Summary
In B B Properties v. Dryvit Systems, Inc., 708 So.2d 189 (Ala.Civ.App. 1997), the Court of Civil Appeals found a plaintiffs assertion of tolling based on fraudulent concealment "without merit," stating: "There is no `discovery rule' that tolls the running of the limitations period with respect to negligence or wantonness actions. The `discovery rule' is applicable only to fraud actions."
Summary of this case from DGB, LLC v. HindsOpinion
2960251, 2960503.
July 25, 1997. Rehearing Denied September 12, 1997. Certiorari Denied December 19, 1997 Alabama Supreme Court 1962157, 1962162 and 1962165.
Appeal from the Mobile Circuit Court, No.
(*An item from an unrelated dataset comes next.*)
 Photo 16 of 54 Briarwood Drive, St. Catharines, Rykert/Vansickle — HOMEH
CV-96-583, Ferrill D. McRae, J.
Charles L. Miller, Jr., Mobile, for appellant.
Dorothy A. Powell and Jasper P. Juliano of Parsons, Lee Juliano, P.C., Birmingham, for appellee Dryvit Systems, Inc.
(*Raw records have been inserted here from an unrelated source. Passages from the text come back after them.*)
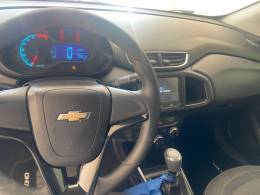 CHEVROLET - ONIX - 2013/2014 - Prata - R$ 51.900,00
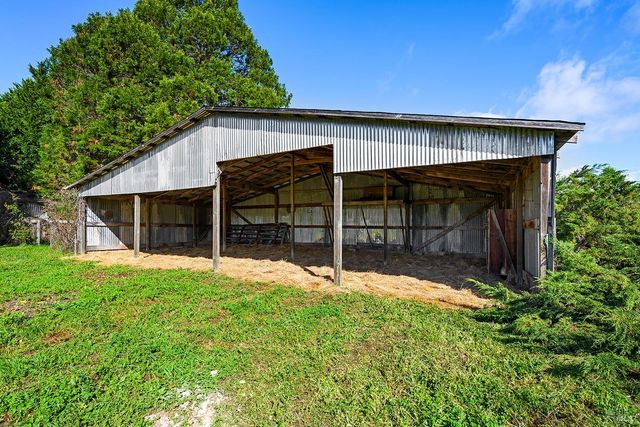 8400 Blackney Rd, Sebastopol, CA 95472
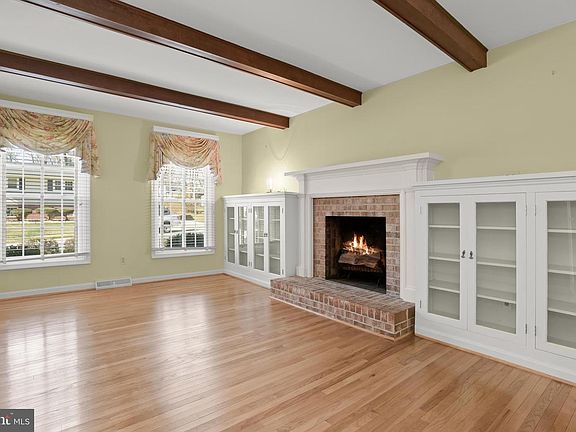 3rd image of 5129 Hesperus Dr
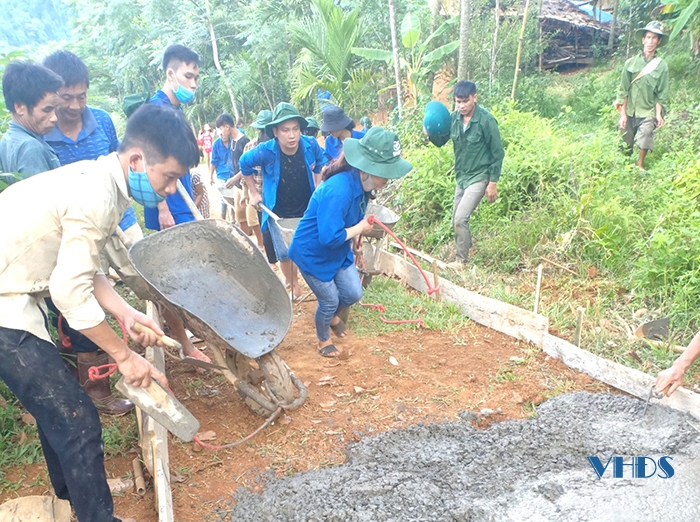 Sức trẻ góp phần xây dựng nông thôn mới ở huyện vùng cao Bá Thước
L. Bratton Rainey III of Sintz, Campbell, Duke Taylor, Mobile, for appellee Coastal Plastering Company, Inc.
B B Properties filed a complaint against John Stubbs, Dryvit Systems, Inc., and Coastal Plastering Company on February 21, 1996, alleging negligence, wantonness, fraud, breach of an implied warranty, and breach of an express warranty. Dryvit and Coastal filed motions to dismiss under Rule 12(b)(6), Ala.R.Civ.P., arguing that B B's claims were barred by the applicable statute of limitations. Following oral argument, the trial court dismissed all claims against Coastal and all claims against Dryvit, with the exception of one count alleging breach of an express warranty. The trial court made the dismissals final, pursuant to Rule 54(b), Ala.R.Civ.P.; B B filed separate appeals as to Dryvit and Coastal. The Supreme Court of Alabama transferred the appeals to this court, pursuant to § 12-2-7, Ala. Code 1975. This court consolidated B B's appeals against Dryvit and Coastal. John Stubbs was B B's general contractor. Stubbs is not a party to this appeal, and B B's claims against him remain before the trial court.
B B contracted with John Stubbs to construct an addition to its building. The construction was completed on April 21, 1989. Coastal was a subcontractor that applied the exterior system to the building. Dryvit designed and manufactured the exterior system. In March 1992, B B noticed some blistering and discoloration in a certain portion of the exterior of the addition. Dryvit and Coastal inspected this condition, informed B B that it was a paint problem, and repainted the affected portion of the building. In November 1995, B B discovered water damage and structural damage to the addition. B B alleges that this damage was caused by defective Dryvit material and improper installation of the Dryvit material.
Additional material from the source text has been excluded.